Broadcast semantics of the executor

This guide explains how the executor handles array inputs and outputs using broadcasting semantics. Understanding these concepts will help you efficiently sweep over parameter values, combine multiple experimental configurations, and interpret the shape of returned data.

Quick start example

Before diving into the details, here’s a simple example that demonstrates the core idea. Suppose you have a parametric circuit and want to run it with 5 different parameter configurations:

import numpy as np
from qiskit.circuit import Parameter, QuantumCircuit
from qiskit_ibm_runtime.quantum_program import QuantumProgram

# A circuit with 3 parameters
circuit = QuantumCircuit(3)
circuit.rx(Parameter("a"), 0)
circuit.rx(Parameter("b"), 1)
circuit.rx(Parameter("c"), 2)
circuit.measure_all()

# 5 different parameter configurations (shape: 5 configurations × 3 parameters)
parameter_values = np.linspace(0, np.pi, 15).reshape(5, 3)
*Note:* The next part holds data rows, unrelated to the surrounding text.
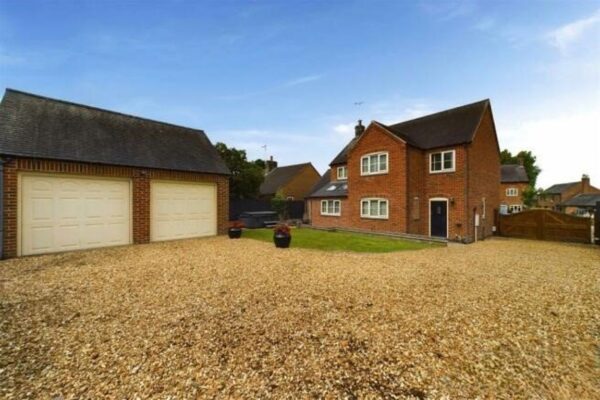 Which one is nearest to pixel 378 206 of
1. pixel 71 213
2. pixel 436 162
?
pixel 436 162

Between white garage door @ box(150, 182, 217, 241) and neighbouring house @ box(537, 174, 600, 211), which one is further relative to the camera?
neighbouring house @ box(537, 174, 600, 211)

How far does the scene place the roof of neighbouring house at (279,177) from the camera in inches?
1319

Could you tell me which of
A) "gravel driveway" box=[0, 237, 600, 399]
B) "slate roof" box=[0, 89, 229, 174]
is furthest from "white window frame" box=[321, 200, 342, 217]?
"gravel driveway" box=[0, 237, 600, 399]

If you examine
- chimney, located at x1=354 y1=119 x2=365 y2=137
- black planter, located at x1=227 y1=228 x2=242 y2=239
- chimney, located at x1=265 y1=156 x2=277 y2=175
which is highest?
chimney, located at x1=354 y1=119 x2=365 y2=137

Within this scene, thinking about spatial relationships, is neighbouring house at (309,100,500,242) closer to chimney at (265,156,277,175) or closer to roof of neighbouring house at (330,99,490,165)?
roof of neighbouring house at (330,99,490,165)

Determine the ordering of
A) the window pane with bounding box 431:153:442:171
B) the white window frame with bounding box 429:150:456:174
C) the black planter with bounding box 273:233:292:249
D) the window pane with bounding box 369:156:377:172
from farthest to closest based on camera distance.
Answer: the window pane with bounding box 369:156:377:172, the window pane with bounding box 431:153:442:171, the white window frame with bounding box 429:150:456:174, the black planter with bounding box 273:233:292:249

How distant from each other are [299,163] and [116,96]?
24.2 m

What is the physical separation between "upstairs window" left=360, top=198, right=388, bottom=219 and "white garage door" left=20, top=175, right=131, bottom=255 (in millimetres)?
13495

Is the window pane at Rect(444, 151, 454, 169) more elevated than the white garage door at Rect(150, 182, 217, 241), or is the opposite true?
the window pane at Rect(444, 151, 454, 169)

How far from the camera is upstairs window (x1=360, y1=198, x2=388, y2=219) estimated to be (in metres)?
16.0

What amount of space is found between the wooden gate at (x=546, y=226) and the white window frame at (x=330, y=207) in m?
10.7

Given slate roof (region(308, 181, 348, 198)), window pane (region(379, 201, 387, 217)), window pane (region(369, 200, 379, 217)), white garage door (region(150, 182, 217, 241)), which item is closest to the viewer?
white garage door (region(150, 182, 217, 241))

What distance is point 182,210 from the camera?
12578 millimetres

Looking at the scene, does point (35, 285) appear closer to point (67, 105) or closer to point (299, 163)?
point (67, 105) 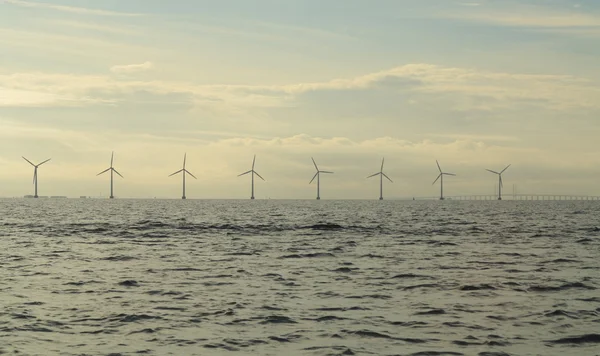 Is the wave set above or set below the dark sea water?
below

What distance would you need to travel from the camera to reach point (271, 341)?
948 inches

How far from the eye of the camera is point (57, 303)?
31094mm

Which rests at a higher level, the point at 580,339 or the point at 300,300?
the point at 300,300

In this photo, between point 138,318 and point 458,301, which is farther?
point 458,301

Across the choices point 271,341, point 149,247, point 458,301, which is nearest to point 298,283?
point 458,301

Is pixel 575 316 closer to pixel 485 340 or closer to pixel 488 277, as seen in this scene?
pixel 485 340

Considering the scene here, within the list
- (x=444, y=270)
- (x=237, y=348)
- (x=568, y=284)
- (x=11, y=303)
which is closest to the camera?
(x=237, y=348)

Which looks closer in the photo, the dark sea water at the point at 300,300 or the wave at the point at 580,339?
the dark sea water at the point at 300,300

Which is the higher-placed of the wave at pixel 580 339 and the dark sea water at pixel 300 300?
the dark sea water at pixel 300 300

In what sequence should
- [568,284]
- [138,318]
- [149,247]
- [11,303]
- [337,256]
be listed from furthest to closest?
[149,247] < [337,256] < [568,284] < [11,303] < [138,318]

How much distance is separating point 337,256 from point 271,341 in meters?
28.6

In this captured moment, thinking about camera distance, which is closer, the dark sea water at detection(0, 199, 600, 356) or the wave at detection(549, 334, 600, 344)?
the dark sea water at detection(0, 199, 600, 356)

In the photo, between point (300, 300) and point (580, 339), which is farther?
point (300, 300)

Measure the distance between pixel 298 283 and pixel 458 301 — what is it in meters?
8.40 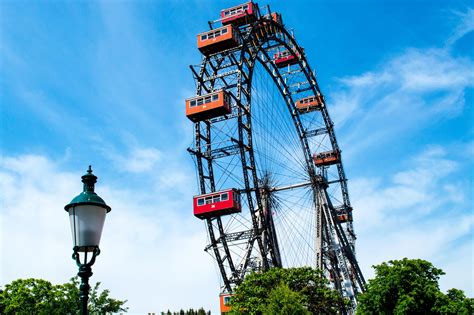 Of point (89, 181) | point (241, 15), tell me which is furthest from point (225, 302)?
point (89, 181)

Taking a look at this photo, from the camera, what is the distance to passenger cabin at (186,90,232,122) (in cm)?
4053

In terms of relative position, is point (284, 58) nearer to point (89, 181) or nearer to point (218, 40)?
point (218, 40)

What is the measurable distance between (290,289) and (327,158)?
1089 inches

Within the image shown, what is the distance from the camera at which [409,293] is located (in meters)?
38.4

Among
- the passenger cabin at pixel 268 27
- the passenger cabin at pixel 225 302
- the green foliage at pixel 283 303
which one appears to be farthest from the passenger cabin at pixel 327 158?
the green foliage at pixel 283 303

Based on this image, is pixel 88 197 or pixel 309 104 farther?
pixel 309 104

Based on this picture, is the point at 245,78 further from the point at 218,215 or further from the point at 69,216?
the point at 69,216

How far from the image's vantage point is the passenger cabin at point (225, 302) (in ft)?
Answer: 130

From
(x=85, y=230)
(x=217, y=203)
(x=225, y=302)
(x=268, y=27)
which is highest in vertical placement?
(x=268, y=27)

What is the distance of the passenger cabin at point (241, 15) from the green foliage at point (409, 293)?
2484 cm

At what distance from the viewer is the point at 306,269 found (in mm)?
41250

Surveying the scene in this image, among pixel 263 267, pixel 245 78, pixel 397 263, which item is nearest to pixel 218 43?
pixel 245 78

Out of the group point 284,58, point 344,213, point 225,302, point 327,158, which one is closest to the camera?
point 225,302

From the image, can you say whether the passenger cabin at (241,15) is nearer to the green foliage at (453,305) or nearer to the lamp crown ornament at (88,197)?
the green foliage at (453,305) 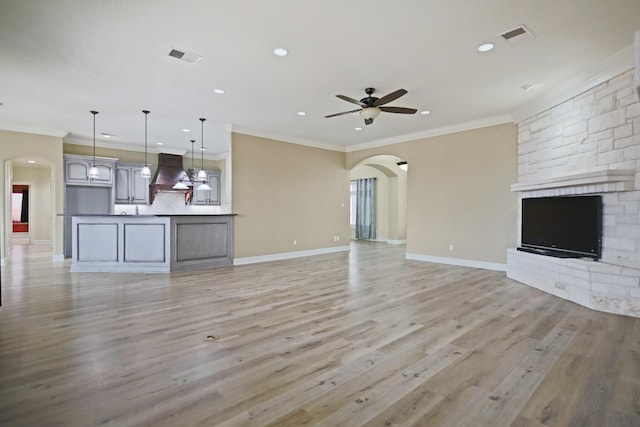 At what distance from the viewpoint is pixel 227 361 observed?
2.52 meters

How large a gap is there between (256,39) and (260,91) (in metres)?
1.54

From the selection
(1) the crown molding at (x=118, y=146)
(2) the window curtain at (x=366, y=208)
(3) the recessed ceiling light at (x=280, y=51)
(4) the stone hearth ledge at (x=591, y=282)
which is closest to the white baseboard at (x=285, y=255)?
(2) the window curtain at (x=366, y=208)

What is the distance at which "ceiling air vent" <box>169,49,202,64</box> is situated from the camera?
371 cm

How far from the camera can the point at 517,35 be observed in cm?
332

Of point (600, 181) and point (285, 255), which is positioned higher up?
point (600, 181)

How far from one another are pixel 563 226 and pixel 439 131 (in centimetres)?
334

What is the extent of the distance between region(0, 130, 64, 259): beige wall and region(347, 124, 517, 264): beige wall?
8.02 metres

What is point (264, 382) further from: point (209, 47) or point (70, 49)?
point (70, 49)

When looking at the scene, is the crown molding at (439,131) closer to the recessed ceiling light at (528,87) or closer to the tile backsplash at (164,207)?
the recessed ceiling light at (528,87)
program = QuantumProgram(shots=1024)
program.append(circuit, circuit_arguments=parameter_values)

# Run and get results
result = executor.run(program).result()

# result is a list with one entry per program item
# result[0] is a dict mapping classical register names to data arrays
# Output bool arrays have shape (5, 1024, 3)
#   5 = number of parameter configurations
#   1024 = number of shots
#   3 = bits in the classical register
result[0]["meas"]

The executor automatically runs all 5 configurations and returns data organized by configuration, with one result per classical register in each quantum program item. The rest of this guide explains how this works in detail and how to build more complex sweeps, including samplomatic-based randomization and inputs.

What is broadcasting?

Broadcasting is a mechanism for combining arrays of different shapes in a systematic way. The executor, like the sampler and estimator, uses NumPy-style broadcasting to determine how multiple input arrays combine to define a grid of experimental configurations.

The core rule: Two shapes are compatible if, when aligned from the right, each pair of dimensions is either equal or one of them is 1. A dimension of size 1 is “stretched” to match the other.

Table 1 Broadcasting examples

Shape A

Shape B

Broadcast result

(5,)

(5,)

(5,) - element-wise pairing

(3, 1)

(4,)

(3, 4) - 3×4 grid of combinations

(2, 1, 5)

(3, 1)

(2, 3, 5) - all combinations across dimensions

(3,)

(4,)

Error - incompatible shapes

When shapes broadcast together, the result contains all combinations along dimensions where one input had size 1. This is how you create multi-dimensional parameter sweeps.

Intrinsic and extrinsic axes

Input arrays in the executor have two kinds of axes:

  • Intrinsic axes (rightmost): Determined by the data type itself. For example, if your circuit has 3 parameters, then parameter values inherently need 3 numbers, giving an intrinsic shape of (3,).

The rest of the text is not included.